Hudson cycles through no less than three doctors, including one particularly befuddling relationship with a renowned behaviorist (Mary Steenburgen, Elf), all of which he builds different types of associations with in the film. Numb circulates around his strife to find the right doctor that will "fix" him, much in the same way as many mentally ill people do in the course of a lifetime. He strikes many different kinds of bumps in the patient-therapist bond with each practitioner, ones that poke fun at some rather serious topics of malpractice and murky doctoral relationships. Numb is lighthearted much in the same ways that One Flew Over The Cuckoo's Nest is regarding medication -- which really means that it carefully walks along a eerily dark line. There's a keyhole there, though, that can allow for humor to be seen. It's an attractively captured keyhole at that, aptly photographed by Juno's richly color-focused cinematographer Eric Steelberg.

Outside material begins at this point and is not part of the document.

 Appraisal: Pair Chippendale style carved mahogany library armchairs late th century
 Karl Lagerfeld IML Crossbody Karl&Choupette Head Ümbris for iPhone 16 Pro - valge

Accurately portraying an individual that is both apathetic about the world and wishing with all his might to not be that way is no easy feat, but Matthew Perry handles Hudson's disconnected persona with a surprising level of organic potency. He's able to communicate through his twitchy movements and conflicted eyes much more than I was expecting, as he can really sell you on the idea that he wants to pull himself out of his aching numbness. Moreover, much of his eccentric Friends and Whole Nine Yards type of dialogue is picked clean from Numb, leaving only the honesty and pain that Hudson feels in Perry's voice as the character rustles enough gusto together to keep on living. The one thing that kept my complete enthrallment reserved is Numb's reliance on Hudson's wavering narration. It flounders between hit-and-miss insightfulness and bland hand-holding through the narrative, though it ultimately settles in as a claustrophobic mechanism that helps us "feel" like we're in Hudson's head.
Thankfully, it's a discomforting claustrophobia that we can really get into, as Numb comes out of nowhere with strikingly affective energy. It's interesting how Matthew Perry and writer-director Goldberg utilize his distinct physical traits and mannerisms for Hudson; they almost don't want you to completely forget the fact that he's "Chandler", instead wanting you to soak in his damaged character's discomforting actions and reactions as a weakened and subdued version of his well-known personality. Part of Numb's gravitational interest lies in the ways Hudson's character eccentricities are written, quite well in fact, from his nest-like presence in his home to his fear of societal interaction. It takes the similar humor surrounding As Good As It Gets' agoraphobic nature and tenses it up, but not without keeping a somewhat amusing tone. Harris Goldberg's concrete script, one that walks dangerously close along the line between humor and vividness, lends it some tonal disproportion .. yet, somehow, it rarely neglects to be convincing in either spectrum.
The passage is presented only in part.